Stealing the sweet from sugar - Industry players want more action to crack down on criminals plaguing the sector
With the police having little success in apprehending criminals who have been plaguing the sugar industry, some major players in the sector believe the cops and members of the judiciary are not taking the plight of the farmers serious enough.
Pointing to cases such as the theft of 26 bulky bearings from the Moneymusk Sugar Factory in Clarendon in 2013, which the police are yet to solve, the players in the sector demanded action as they addressed a Gleaner Editors' Forum last week.
"The attitude of the police and the judiciary to crimes against farmers is frightening. If you had to go to a police station to report a crime against a farmer, and I'm not just talking about 'tiefing', it is the most humiliating exercise," said Ambassador Derrick Heaven, chairman of the board of Jamaica Cane Product Sale.
"Although there is a unit set up in the ministry now to deal with praedial larceny, and they are working hard ... it does not in anyway change the reception you get when you go to the police station. It is like you are on trial," added Heaven.
Failure to follow up
He charged that even after the police take a report and the investigation is started, the cops, in many cases, fail to follow up.
Heaven pointed to an incident in which a man who allegedly set fire to some 30 acres of sugar cane was held and turned over to the police.
According to Heaven, he asked the police to inform him when the matter would be taken to court so he could attend, but no call came from the cops.
"Three weeks passed and I don't hear anything, and I asked 'what happened to the case?' I heard, 'Oh, the police let him go.' Why? Because him look like him mad," said Heaven. "That is the sort of attitude."
There was public uproar three years ago, sparking the intervention of the Ministry of Labour and Social Security, after security was ordered restructured at three Pan Caribbean sugar factories - Frome, Monymusk and Bernard Lodge - following the theft of the bearings.
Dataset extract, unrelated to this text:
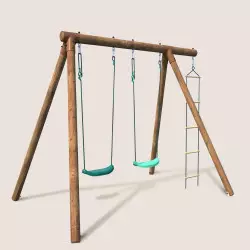Portique balançoire en bois 3 agrès avec échelle TONKA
The bearings reportedly weighed some half tonne, and was said to be stolen by persons using heavy-duty equipment.
In the wake of the heist, some 130 security guards were sent home on paid discretionary leave and their supervisor dismissed.
"That has died a silent death. That has been quickly subsumed by hundreds of gallons of diesel fuel that finds its way under a fence by a pipe connected to the store," offered Allan Rickards, chairman of the All-Island Jamaica Cane Farmers Association.
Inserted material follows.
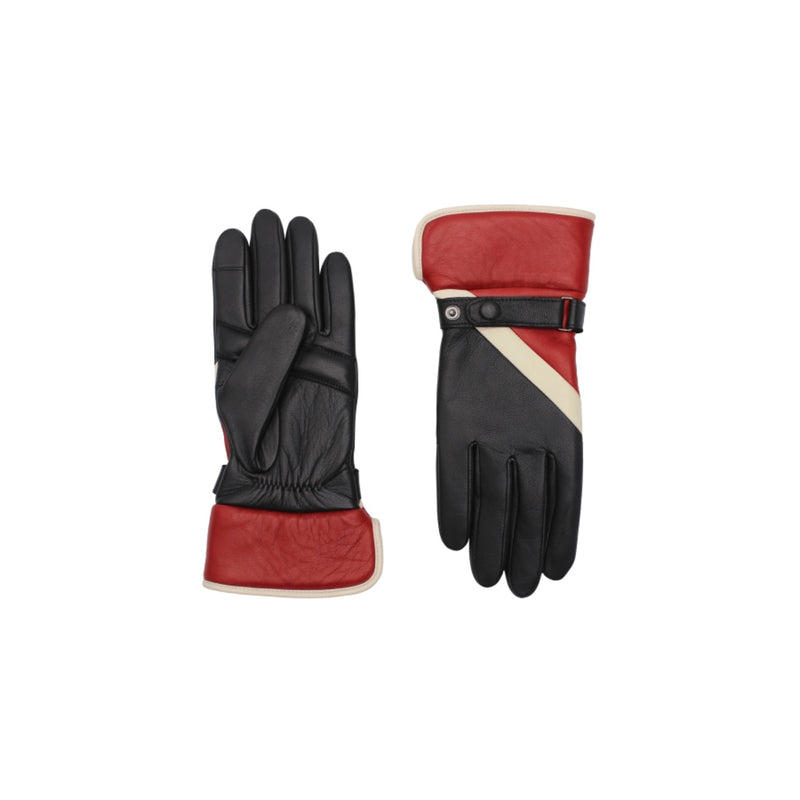 Gants Kenny Cuir Doublés Alpaga - Noir Tactile/Porcelaine/Cardinal - Homme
While pointing to the theft of the expensive diesel fuel from sugar factories, Rickards was less quick to knock the police and members of the judiciary for their handling of the thefts from the industry.
According to Rickards, stakeholders would better address the problem through efficient management.
"Check Pan Caribbean and let them tell you how much they worked out the cost of producing cane at, which includes: theft of equipment, the order of almost any part from the tractor and transport centre, diesel, fertiliser in the field, chemicals ... the difference is management," said Rickards.